▶ [REQUIRED WORK]: Give back all of the data unchanged. Keep every word as it is.

▶ [Excerpts from a dataset]:

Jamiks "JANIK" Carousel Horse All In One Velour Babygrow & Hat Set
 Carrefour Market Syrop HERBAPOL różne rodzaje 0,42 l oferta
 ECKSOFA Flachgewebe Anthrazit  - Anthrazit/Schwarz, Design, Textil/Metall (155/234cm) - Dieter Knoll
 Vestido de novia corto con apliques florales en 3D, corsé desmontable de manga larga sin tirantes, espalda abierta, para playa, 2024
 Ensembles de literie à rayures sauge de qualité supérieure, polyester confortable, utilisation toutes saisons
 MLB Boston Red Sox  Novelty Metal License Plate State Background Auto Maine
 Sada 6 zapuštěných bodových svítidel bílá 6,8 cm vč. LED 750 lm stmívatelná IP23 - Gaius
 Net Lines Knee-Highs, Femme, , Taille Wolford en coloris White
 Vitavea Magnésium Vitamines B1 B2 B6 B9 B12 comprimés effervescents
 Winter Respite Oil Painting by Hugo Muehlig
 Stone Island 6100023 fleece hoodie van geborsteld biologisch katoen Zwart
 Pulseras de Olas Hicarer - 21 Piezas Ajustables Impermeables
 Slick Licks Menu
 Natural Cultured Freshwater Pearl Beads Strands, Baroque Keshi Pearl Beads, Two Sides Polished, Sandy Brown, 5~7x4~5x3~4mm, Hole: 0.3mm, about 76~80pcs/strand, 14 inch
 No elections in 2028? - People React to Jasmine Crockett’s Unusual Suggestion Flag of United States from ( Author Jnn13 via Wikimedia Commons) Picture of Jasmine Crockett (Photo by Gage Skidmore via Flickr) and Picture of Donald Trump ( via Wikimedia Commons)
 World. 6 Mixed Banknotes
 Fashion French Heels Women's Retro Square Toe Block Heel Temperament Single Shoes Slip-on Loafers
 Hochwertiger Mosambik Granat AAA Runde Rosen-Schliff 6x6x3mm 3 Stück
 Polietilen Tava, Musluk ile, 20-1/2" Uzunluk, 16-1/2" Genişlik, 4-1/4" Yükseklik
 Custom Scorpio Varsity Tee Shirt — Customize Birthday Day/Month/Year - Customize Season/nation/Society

▶ [YOUR RESPONSE]:
Jamiks "JANIK" Carousel Horse All In One Velour Babygrow & Hat Set
 Carrefour Market Syrop HERBAPOL różne rodzaje 0,42 l oferta
 ECKSOFA Flachgewebe Anthrazit  - Anthrazit/Schwarz, Design, Textil/Metall (155/234cm) - Dieter Knoll
 Vestido de novia corto con apliques florales en 3D, corsé desmontable de manga larga sin tirantes, espalda abierta, para playa, 2024
 Ensembles de literie à rayures sauge de qualité supérieure, polyester confortable, utilisation toutes saisons
 MLB Boston Red Sox  Novelty Metal License Plate State Background Auto Maine
 Sada 6 zapuštěných bodových svítidel bílá 6,8 cm vč. LED 750 lm stmívatelná IP23 - Gaius
 Net Lines Knee-Highs, Femme, , Taille Wolford en coloris White
 Vitavea Magnésium Vitamines B1 B2 B6 B9 B12 comprimés effervescents
 Winter Respite Oil Painting by Hugo Muehlig
 Stone Island 6100023 fleece hoodie van geborsteld biologisch katoen Zwart
 Pulseras de Olas Hicarer - 21 Piezas Ajustables Impermeables
 Slick Licks Menu
 Natural Cultured Freshwater Pearl Beads Strands, Baroque Keshi Pearl Beads, Two Sides Polished, Sandy Brown, 5~7x4~5x3~4mm, Hole: 0.3mm, about 76~80pcs/strand, 14 inch
 No elections in 2028? - People React to Jasmine Crockett’s Unusual Suggestion Flag of United States from ( Author Jnn13 via Wikimedia Commons) Picture of Jasmine Crockett (Photo by Gage Skidmore via Flickr) and Picture of Donald Trump ( via Wikimedia Commons)
 World. 6 Mixed Banknotes
 Fashion French Heels Women's Retro Square Toe Block Heel Temperament Single Shoes Slip-on Loafers
 Hochwertiger Mosambik Granat AAA Runde Rosen-Schliff 6x6x3mm 3 Stück
 Polietilen Tava, Musluk ile, 20-1/2" Uzunluk, 16-1/2" Genişlik, 4-1/4" Yükseklik
 Custom Scorpio Varsity Tee Shirt — Customize Birthday Day/Month/Year - Customize Season/nation/Society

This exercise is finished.